Publié le par François Desgrées du Loû (1909-1985)

[publié le 06/09/2020]

[retranscription]

 

DECOLONISATION!

Oui, mais partout

 

par François DESGREES DU LOU

 

Le trouble des esprits et la propagande aidant, il s’est trouvé que les spécialistes de la guerre subversive ont lié l’idée de décolonisation à cette interminable “guerre froide” où excellent la Chine “populaire” et la Russie soviétique.

L’Occident a pris militairement ses précautions, qui étaient sans nul doute indispensables. A-t-il assez hardiment profité - la France la première - de l’occasion que lui donne l’affaire de Berlin de mettre les choses au point à la face du monde entier?

Il ne le semble pas. Et pourtant, si la “décolonisation” est le mot du jour, si elle s’impose, de toute évidence, en Afrique comme en Asie, n’en faut-il pas parler sous aucun prétexte en Europe? Y a-t-il, selon la longitude et la latitude, une zone où la colonisation est populaire et l’autodétermination capitaliste?

Nous nous demandons s’il n’est pas possible, sans jeter de l’huile sur le feu, d’exprimer des vérités qui portent en elles leur force.

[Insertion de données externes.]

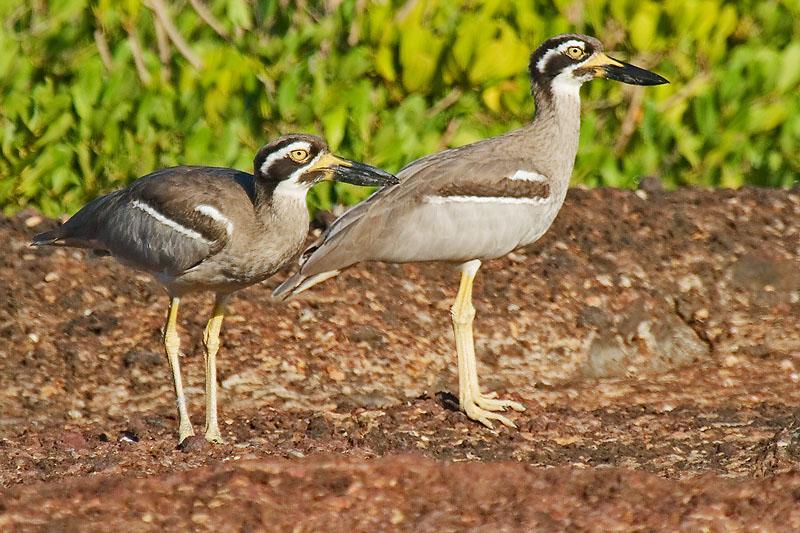 FF419mw.jpg - Beach Stone Curlew (Esacus neglectus) - East Point, Darwin, N.T.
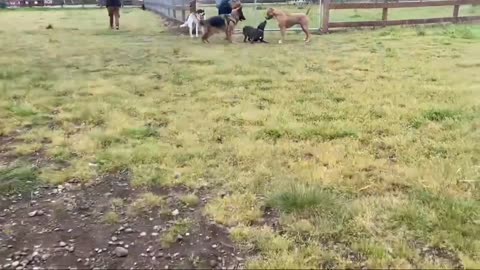 German Shepherd Attacks Pitbull [OFF LEASH DOG PARK] Part 1🗣️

Nous croyons que l’Occident a bien fait de renoncer à la voie de l’impérialisme, mais qu’il est en droit désormais d’y convier ses rivaux.

Dans nos villes flottaient hier et flotteront demain les drapeaux des nouvelles nations africaines. De leur côté, nos interlocuteurs algériens sont assurés de l’autodétermination, certains d’entre eux n’hésitent pas même à en faire une prédétermination en leur faveur. Et pendant ce temps, Berlin et l’Allemagne de l’Est apparaissent comme matière à découpage, comme monnaie humaine d’échanges diplomatiques, comme expérience de néo-colonisation. On comprend que de Gaulle et Kennedy se sentent peu de goût pour ce style de négociation, héritage des impérialismes d’hier brigué par les impérialismes de demain.

Ce n’est insulter, ni menacer personne que de le dire: l’indépendance, nécessité pour les uns, n’est pas un luxe pour les autres. La fiction serait trop commode. Si la politique étrangère n’est pas, une fois pour toutes, soumise à la loi du plus fort et seulement à celle-là, si la coexistence suppose la discussion, si le droit est autre chose qu’un jeu de formules inapplicables, il faudra bien un jour poser la question de l’autodétermination généralisée dans un monde où les frontières s’élèvent et s’effondrent à chaque instant. L’essentiel est que les choix ne se fassent pas le revolver sur la nuque et si l’O.N.U. a une utilité ce pourrait être celle, honorable et irremplaçable, de tremplin de la liberté, à l’heure des grandes options.il y aurait peut-être là, pour l’avenir, une chance d’apaisement.